Por Luis Aneiros, con viñeta de El Koko
Imagino innecesario repetir aquí la historia del viejo, el joven y el burro. Pero sí su moraleja, que podríamos resumir en que, se haga lo que se haga, siempre habrá quién encuentre motivos para la crítica. Y, por supuesto, la historia de la política española no iba a ser una excepción. El inmovilismo se considera dañino, ya que no permite adaptarse a los cambios que se producen en la sociedad, pero la evolución se traduce rápidamente en traición a los principios fundacionales de los partidos. Caemos demasiado fácilmente en las contradicciones a las que nos llevan la simpatía o antipatía por una fuerza política u otra. Y eso conduce, inevitablemente, a la preocupante situación en la que se encuentra la izquierda en estos momentos.
¿Y por qué la izquierda? Precisamente por la oportunidad histórica en la que se encuentra. La derecha española está cómoda en su asentamiento ideológico. No les importa ser herederos de los principios fundamentales de una dictadura, porque las ideas que esa dictadura impregnó en la mentalidad de la población todavía rigen el comportamiento de la gente. Educación, moral, religión, tradición… son conceptos que todavía llevan la impronta de una época que en otros países estaría ya olvidada y superada, pero que en España goza de mucha nostalgia por la facilidad de dominio de masas y de control del pensamiento. Pero la izquierda necesita la oportunidad de demostrar que otra manera es posible, que los males de los españoles se solucionan con solidaridad y con el acercamiento de las instituciones al pueblo. El problema es que no existe un espacio político ni social en el que colocar estos conceptos, porque la maquinaria política española está construida para producir leyes, normas y prohibiciones, no para preocuparse por las personas a las que esas leyes y normas puedan afectar. La izquierda española sí sufre una lucha interna para poder aprovechar por fin la oportunidad que los últimos cambios sociales le brindan. A los españoles ya no nos llega con unas elecciones cada cuatro años, sino que empezamos a exigir que se nos tenga en cuenta para algo más que votar y mover banderitas en los mítines. Pero… ¿qué es mejor, mantener intacto el espíritu que llevó a la fundación y explosión de estas nuevas políticas o adaptarse a la voluntad que los españoles manifestamos en las últimas elecciones generales? ¿La pérdida de un millón de votos en unos pocos meses debe traducirse como la necesidad imperiosa de modificar los planteamientos iniciales o, por el contrario, refleja la decepción de los votantes por la moderación de los planteamientos en temas como la Renta Básica Universal o la nacionalización de la banca? Se decida lo que se decida, siempre habrá quien lo critique, obviamente y con todo el derecho del mundo.
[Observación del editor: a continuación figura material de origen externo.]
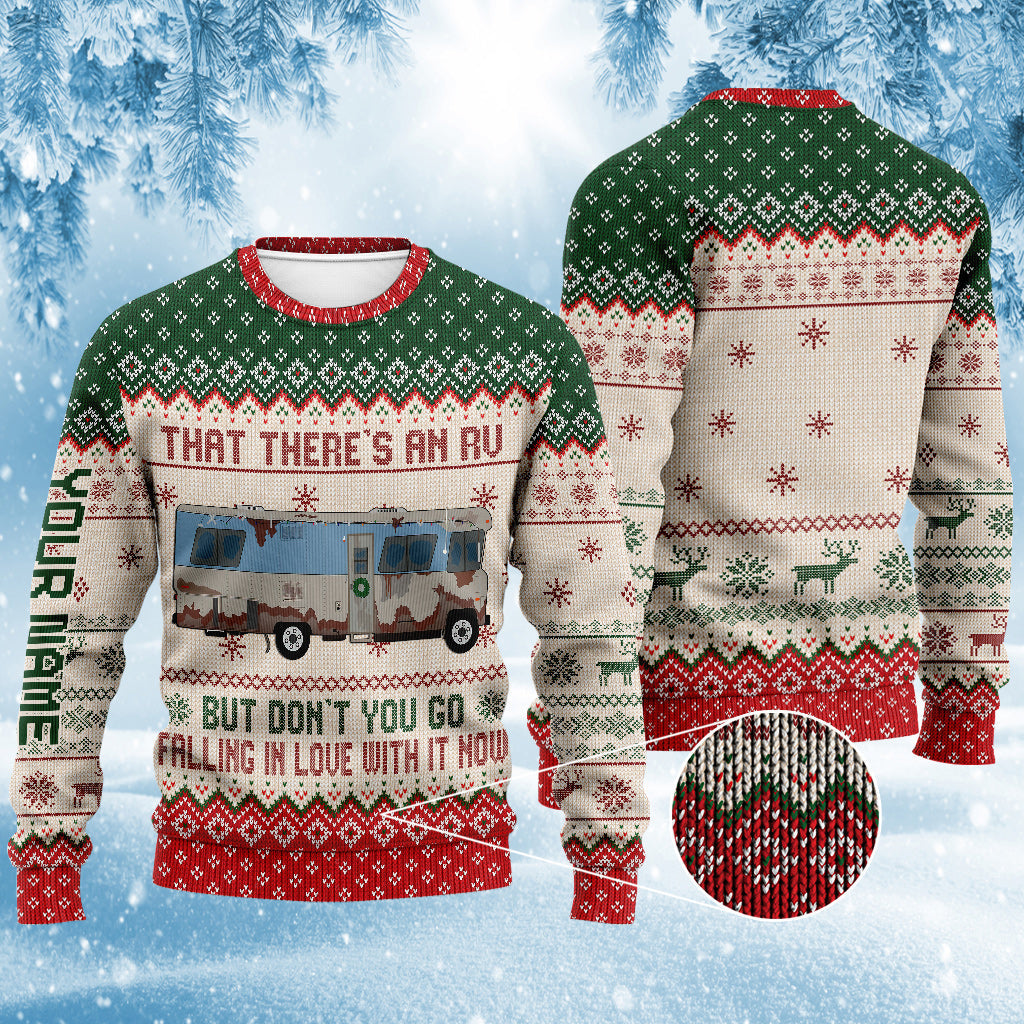 Personalized RV Christmas Sweater Custom Name Gift Sweater GradoCreations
Pero el verdadero problema surge cuando esas posiciones, legítimas y más que lógicas, se ven representadas con caras, nombres y apellidos. ¿Por qué todos aceptamos las diferencias pero nos resulta tan complicado respetar su defensa? Acusaciones de traición por un lado y de imposición por el otro, descalificaciones y campañas de desprestigio entre compañeros de filas, y un sinfín de despropósitos que más parecen fruto de maniobras venidas de fuera que del debate y el razonamiento ideológico. No es, como se dice habitualmente, que se hayan aprendido las maneras más negativas de la vieja política, sino que los políticos han puesto de manifiesto que son seres humanos, y que eso no siempre es bueno.
Pablo Iglesias e Iñigo Errejón son la conclusión previsible del paso del tiempo para el partido que ilusionó y asustó al mismo tiempo. Y los dos quieren gestionar y equilibrar esa ilusión y ese miedo para llegar al gobierno del país. Pero en la balanza de cada uno esos dos factores pesan de distinta manera, y esa es la dificultad con la que se encuentran. No hay duda de que, desde lo que fue su historia personal, podrían llegar a un acuerdo más que necesario sin un mayor esfuerzo que el de mantener las conversaciones necesarias, pero los intereses personales de terceras personas y el afán de protagonismo en algunos casos han embarrado una situación que, con otras formas, tan sólo sería un episodio de transición, por otra parte sano y posiblemente necesario a estas alturas.
¿Y la postura de sus votantes? Muy alejada de lo que debería ser la expectación lógica y la participación constructiva. Las redes sociales se convirtieron en depósitos de insultos, difamaciones, acusaciones estériles y debates sin más objetivo que desprestigiar al “otro”. Por ahora gana el miedo. Es muy difícil volver a ilusionar a quien hoy sólo sabe razonar que Errejón se quiere ir al PSOE o que Iglesias sólo piensa en sí mismo y su liderazgo. No se puede asegurar si Podemos está preparado o no para gobernar, pero buena parte de su electorado no tiene claro lo que la política tiene de debate y confrontación de ideas, incluso dentro de un mismo partido. Es más, sobre todo dentro de un mismo partido.